Molecular Computations

An of a quantum calculation has shown that a single molecule can perform operations thousands of times faster than any conventional computer. In a paper published in the May 3 issue of Physical Review Letters, researchers in Japan describe a proof-of-principle calculation they performed with an iodine molecule. The calculation involved that computation of a discrete Fourier transform, a common algorithm that's particularly handy for analyzing certain types of signals.
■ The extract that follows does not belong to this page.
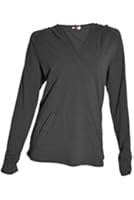 Puma Women's Hooded Lifestyle Pullover Tee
Although the calculation was extraordinary swift, the methods for handling and manipulating the iodine molecule are complex and challenging. In addition, it's not entirely clear how such computational components would have to be connected to make something resembling a conventional PC. Nevertheless, in a Viewpoint in the current edition of APS Physics, Ian Walmsley (University of Oxford) points out that the demonstration of such an astonishingly high-speed calculation shows that there is a great deal to be gained if physicists can overcome the difficulties in putting single-molecule computation to practical use.

Explore further: At the origin of cell division: The features of living matter emerge from inanimate matter

More information:
-- Experiments on the Random Packing of Tetrahedral Dice, Alexander Jaoshvili, Andria Esakia, Massimo Porrati, and Paul M. Chaikin, Phys. Rev. Lett. 104, 185501 (2010) - Published May 03, 2010, Download PDF (free)

-- Ultrafast Fourier Transform with a Femtosecond-Laser-Driven Molecule, Kouichi Hosaka, Hiroyuki Shimada, Hisashi Chiba, Hiroyuki Katsuki, Yoshiaki Teranishi, Yukiyoshi Ohtsuki, and Kenji Ohmori, Phys. Rev. Lett. 104, 180501 (2010) - Published May 03, 2010. Download PDF (free)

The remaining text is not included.